Function to create the graph and all its properties

create_OS_graph function ingests a DF and creates the graph from this DF.
I iterate twice over the graph to first remove Columns with only one connection as this implies it is only connected to one Table and after that iterate to remove orphaned Tables.
I also assing different colors and sized dependent on the properties of each node.

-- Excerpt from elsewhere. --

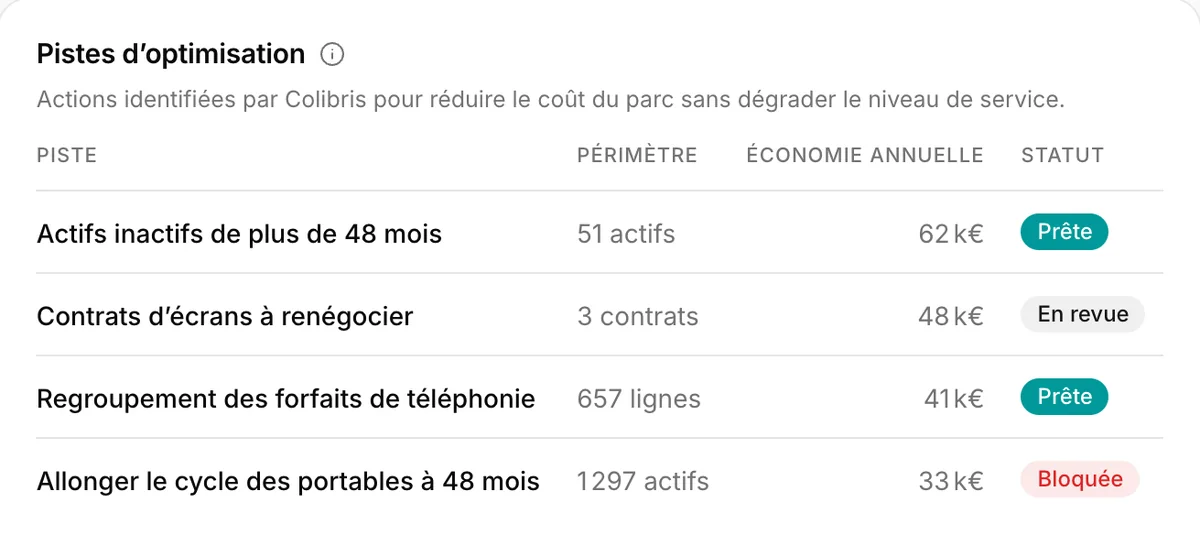 Pistes d'optimisation et économie annuelle attendue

  • Tables with only one connection are ORANGE

  • Tables with more than one connection are GREEN

  • Columns are RED

def create_OS_graph(df_OS):
    # Create nx node graph from DF
    G = nx.from_pandas_edgelist(df=df_OS, source='Table', target='Column')
    # Initiliaze lists to use for appending
    colors = []
    sizes = []
    selected_nodes_list = []
    selected_nodes_list_H = []
    
    # Calculate all degrees of separation for the nodes, so how many connection does each node have
    degree = nx.degree(G)

    # Iterate through nodes, if node is Table than check if node has connections, if so add to list, if no connections discard.
    # If node not a Table than it would be a Column and if it has more than 1 connection than add to list
    for node in G:
        if node in df_OS.Table.values:
            if (degree(node) > 0):
                selected_nodes_list.append(node)
        else: 
            # Column has always at least connection to it's own table that is why need to check for more than 1 connection
            if (degree(node) > 1):
                selected_nodes_list.append(node)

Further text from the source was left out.